- _Work to be completed_
Copy all the lines below without altering anything.

··· Extracted entries

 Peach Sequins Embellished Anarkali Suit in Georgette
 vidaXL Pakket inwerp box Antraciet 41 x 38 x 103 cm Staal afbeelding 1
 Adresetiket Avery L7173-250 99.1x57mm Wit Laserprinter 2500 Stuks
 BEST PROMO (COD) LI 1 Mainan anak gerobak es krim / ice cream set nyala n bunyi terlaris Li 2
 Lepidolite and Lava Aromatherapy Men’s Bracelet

······

- _Result_
 Peach Sequins Embellished Anarkali Suit in Georgette
 vidaXL Pakket inwerp box Antraciet 41 x 38 x 103 cm Staal afbeelding 1
 Adresetiket Avery L7173-250 99.1x57mm Wit Laserprinter 2500 Stuks
 BEST PROMO (COD) LI 1 Mainan anak gerobak es krim / ice cream set nyala n bunyi terlaris Li 2
 Lepidolite and Lava Aromatherapy Men’s Bracelet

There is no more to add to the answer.